Several comments on my Yale e360 piece on alt fuels policy take the common view that biofuels are "essentially carbon neutral" and "inherently sustainable," as Mr. Lloyd puts it. However, nothing is inherently sustainable, and the carbon balance of any system is something that must be verified. My piece asks "Where's the climate benefit?" and for biofuels at market scale, it is not possible to answer to that question in an verifiable manner.
Simply substituting biomass carbon for fossil carbon does not suffice to ensure a net CO2 reduction, as shown by the example my article gives for corn ethanol. It may leave more fossil carbon in the ground, but that doesn't mean less carbon overall went into the air. A formal analysis of this issue is given in my new paper on "Biofuels Carbon Balance."
For many years, modeling studies have built in an assumption of carbon neutrality without ever validating it against what is actually occurring on the ground. An additionality test is not just "clever"; it is required to scientifically assess the extent to which any biofuel system actually reduces the net CO2 flux to the atmosphere. Wariness over policies that promote biofuels without such an evaluation is consistent with the principle of "above all, do no harm" when treating an environmental ill (in this case, the CO2 emissions from fuel use). This cautious view allows for biofuel systems that benefit climate, but implies a need to carefully identify the location and magnitude of that benefit as a starting point.
Other than a few facilities producing fuel products in the fraction of a percent range volumetrically, all commercial biofuel production relies on established industrial agriculture. That's true for corn-based ethanol in the United States (the world's dominant biofuel), cane-based ethanol in Brazil and the smaller but still significant volumes of commercial biodiesel on several continents. These production systems are far from sustainable and certainly not carbon neutral.
The technical analysis on which my article is based works from current data about real-world conditions. It doesn't invoke the hypothetical systems and modeling studies that conclude that, under certain idealized conditions, biofuels might be "beneficial," as wistfully envisioned in the Science article that Mr. Mazza cites. Sadly, most of those paper studies still use a simplistic assumption of carbon neutrality, embedded at the core of complex lifecycle analysis (LCA) models, and fail to empirically address the question of "Where's the climate benefit?"
A commenter asks if everything that CARB and EPA have done on lifecycle analysis of biofuels is wrong. The short answer is yes, in terms of the key issue of carbon balance, and in spite of much respectable and heroic analysis. And yes, Mr. Kaplan, unfortunately the LCFS and other so-called "clean fuel" standards that pretend to address GHG emissions are also ill-grounded and should indeed be "swept away." (That's in contrast to vehicle efficiency and emissions standards that are based on directly verifiable benefits of reduced fuel use and tailpipe emissions.) My critique of the use of LCA to specify policy and other citations to related literature are given in the journal article "Biofuels and Carbon Management" and a substantively similar working paper is available for free download.

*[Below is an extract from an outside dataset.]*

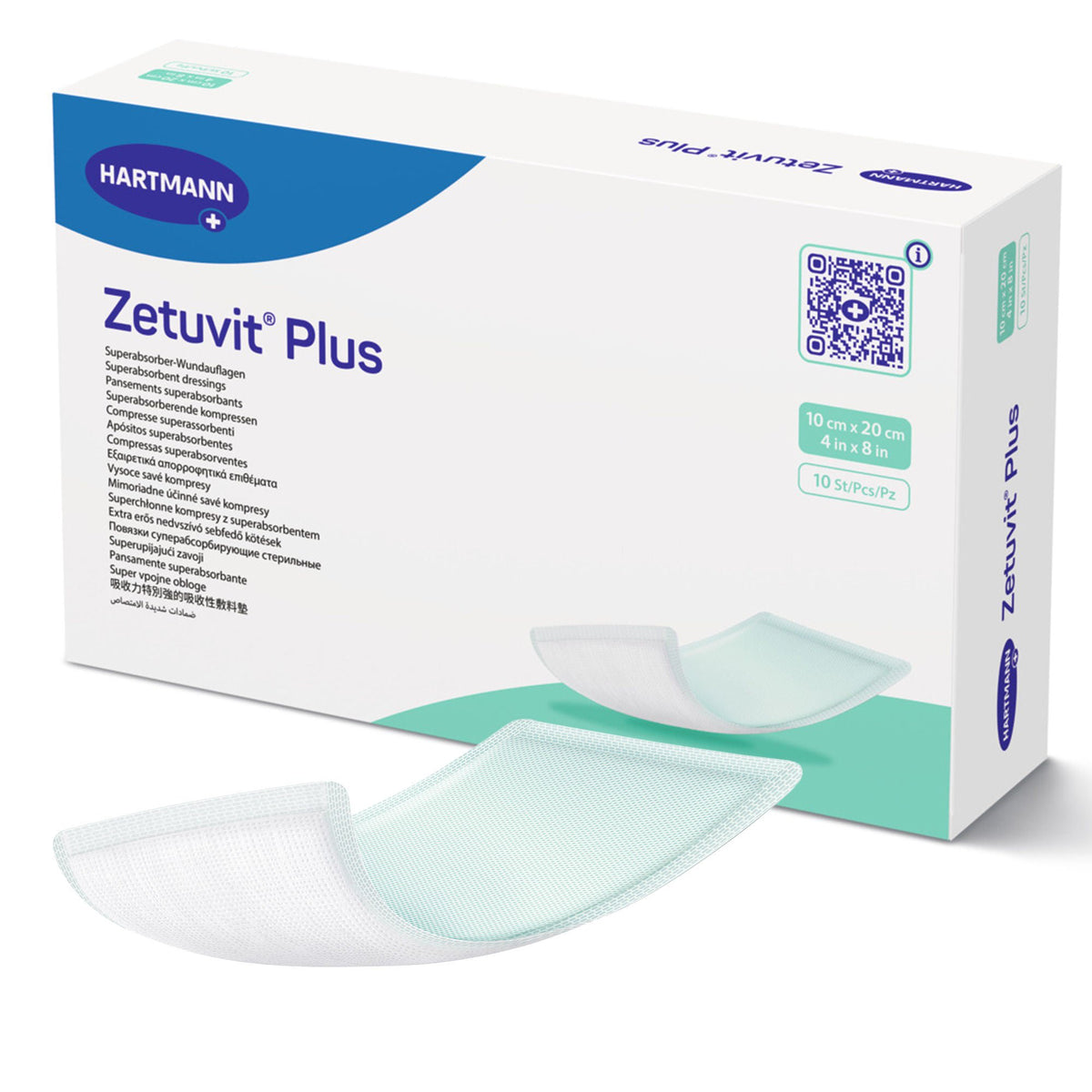 Zetuvit® Plus Sterile Superabsorbent Dressing, 4 x 8 Inch, 10/BX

Those questioning my scientific literacy may be amused to know that I've been looking at these issues for so long that my current work repudiates some of my earlier work. I was the lead author of the first two papers to call for the use of LCA in fuels policy, a book chapter in 1997 and a journal article in 1998. Back then my views were similar to those that are commonplace today. However, more in-depth study of the issues has led me to the much more cautious stance summarized in my e360 article and recent papers on the topic.

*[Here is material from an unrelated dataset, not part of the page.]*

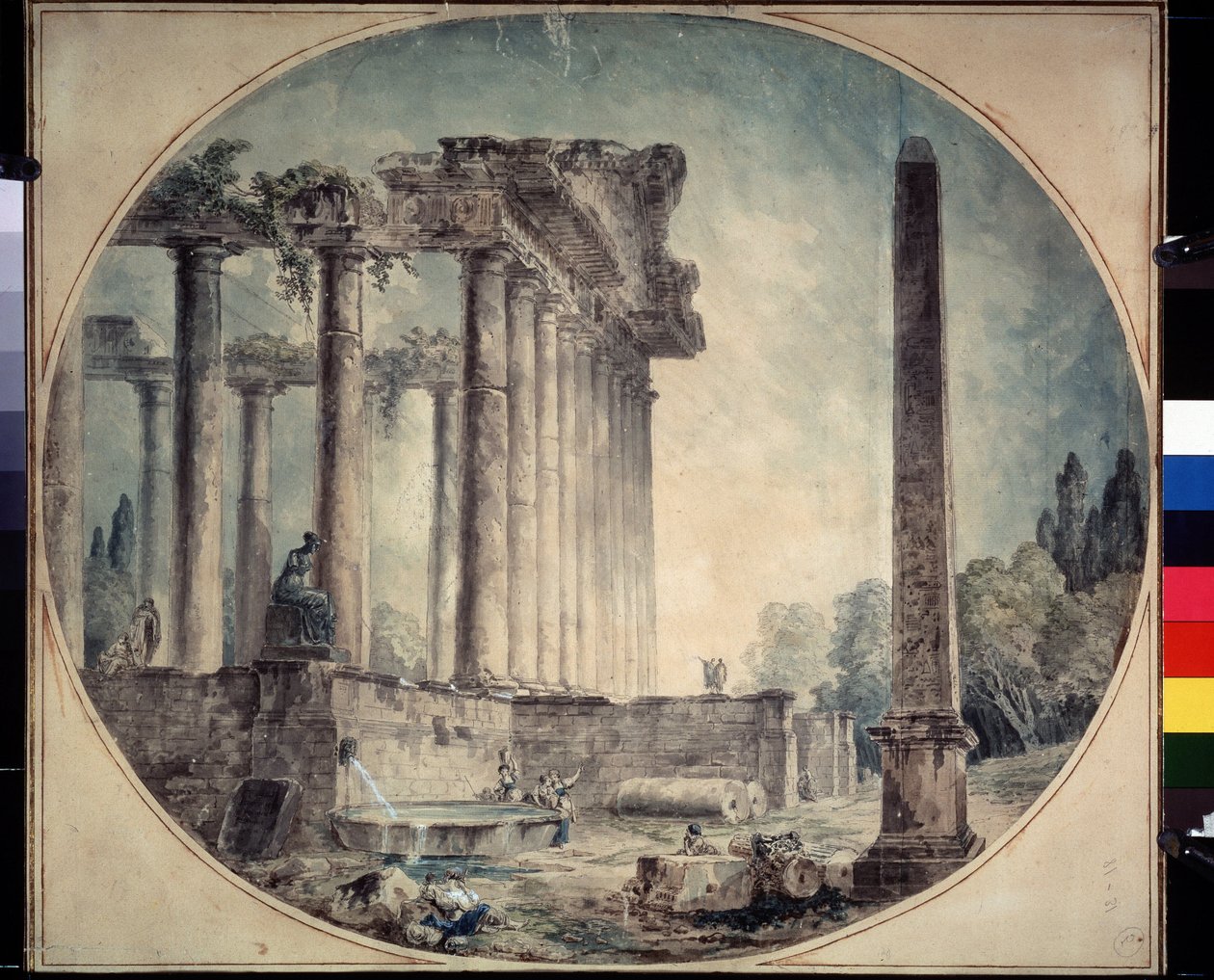 Rovine antiche e obelisco da Hubert Robert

A few comments highlight the octane benefits of ethanol, which can enable more fuel-efficient engine designs. But that's not the only way to raise engine efficiency. Diesel engines can be even more fuel efficient and in general there's a long list of technologies for improving vehicle efficiency. Moreover, ethanol is not the only way to boost octane, for which refiners have processing options other than ethanol and other additives such as lead or MTBE. Raising fuel octane levels may well be a good idea, but again, that's no reason to give special policy favor to ethanol.